ACW could be used to opt-in use of Tor.

Those not wanting to use Tor however would have to edit apt sources lists and remove the tor+ to be able to upgrade through clearnet.

Does that sound great and/or optional enough?

2 Likes

I don’t know how they do it, but Beef project does give an indication whether the hooked browser is being ran from a VM or not.

Looks good in my opinion.

I was under the impression we recently removed the tor sources anyway due to low reliability?

1 Like
1 Like

Just to keep focus, I thought it might be useful to sum up what’s being discussed here. Probably some redundant stuff, but it’s easy to lose focus when there are so many parameters involved.
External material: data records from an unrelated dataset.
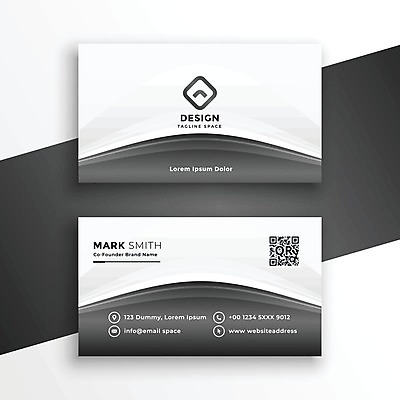 EPS 해외이미지 일러스트 비즈니스 명함 사람없음 회색 QR코드 브랜딩 가로명함 해외일러스트 컬러 파일형식 벡터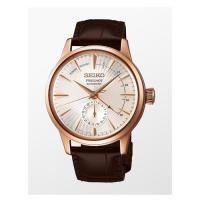 ราคา Seiko Presage Platinum Special Edition Steel Leather Watch SSA346J,SSA346J1 (1603275667)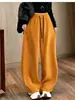 Pantalones de Pierna Ancha Ultra Finos Nuevos de Otoño e Invierno para Mujer, Cintura Alta, Adelgazantes, Holgados, Casuales con Efecto de Caída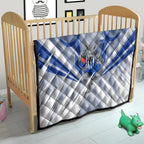 North Melbourne Kangaroos Australian Football Quilt Powerful Kangaroo Mascot - Bold Team Colors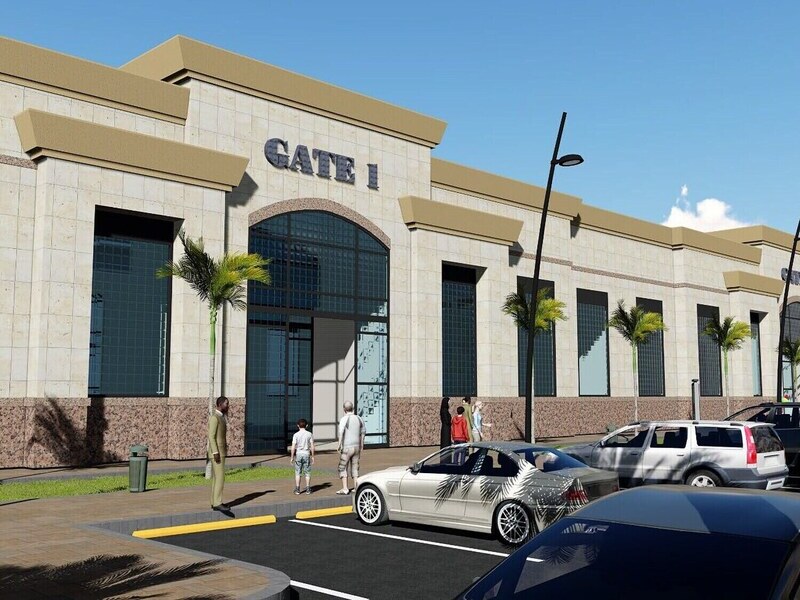 Gate 1 retail frontage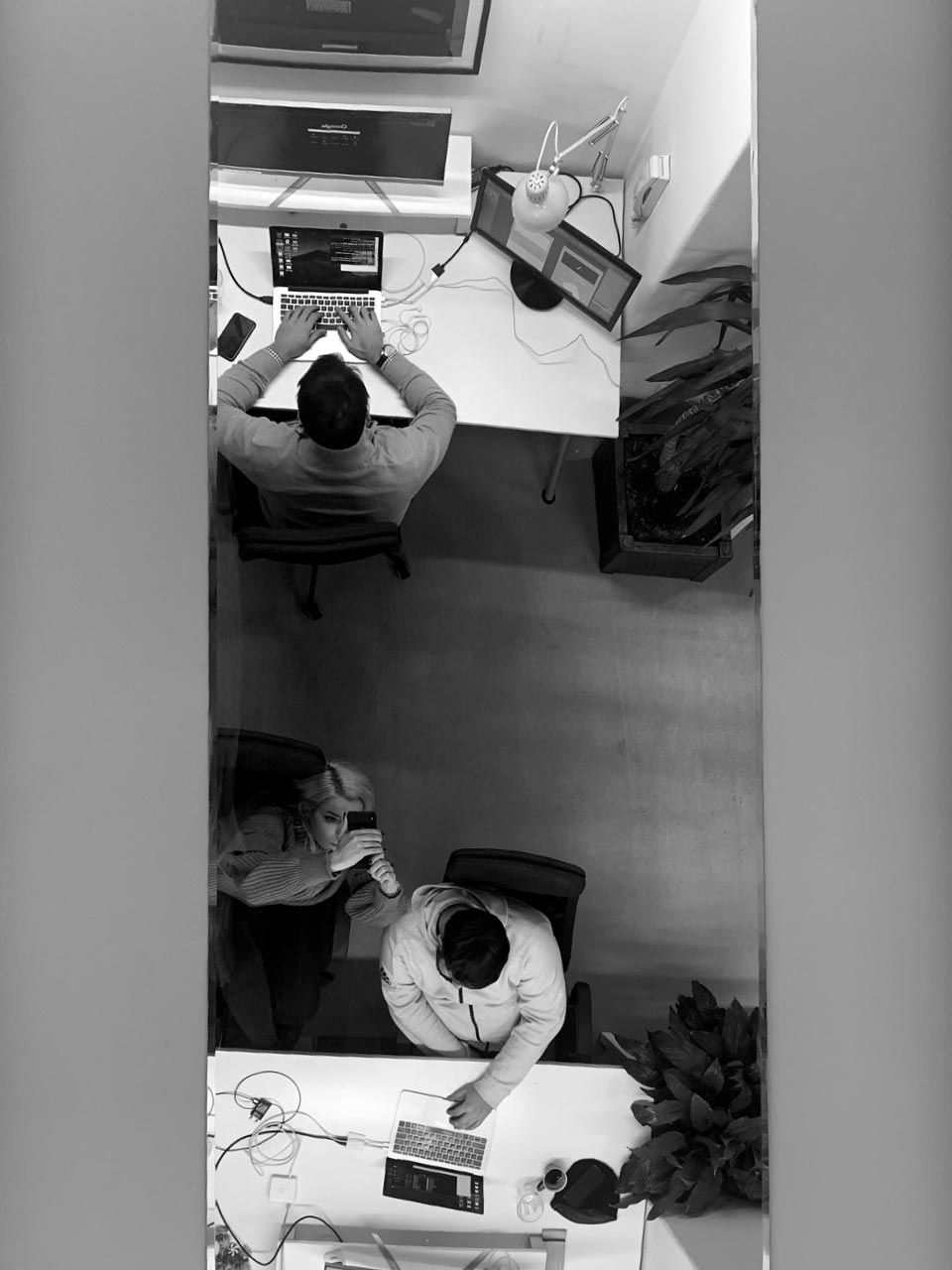 SYSTEM studio team working in the office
Please let me know if I forgot something.

So we are discussing whether the Whonix Host/Desktop currently in development (temporary name, see here for more details about the project: Whonix host operating system) should be shipped with default Whonix/Tor settings or not.

As a reminder, the Whonix Host/Dekstop project currently aims at providing the following features:

  1. A fully functioning XFCE Desktop based on Hardened Debian (also temporary name), basically a Debian stable derivative with various enhanced security settings (see Hardened Debian - Security Focused Linux Distribution based on Debian - In Development - Feedback Wanted!)

  2. Shipped as a live bootable BIOS/UEFI ISO file with preconfigured Whonix-Gateway/Workstation VMs running on KVm for amnesic use and the Calamares Installer to install the whole system on hardware (see Whonix Desktop Installer with Calamares - field report)

The reasoning behind removing all Tor/Whonix-related stuff on the Whonix Host/Dekstop is that the end user may want to benefit from the various security enhancements we ship with this derivative without actually starting up Tor services/being identified as a Whonix user, which in certain instances could even hurt him.

If he wants to use Tor and Whonix, he would instead use the preconfigured Whonix VM that work out of the box, both from the live iso and from the installed system.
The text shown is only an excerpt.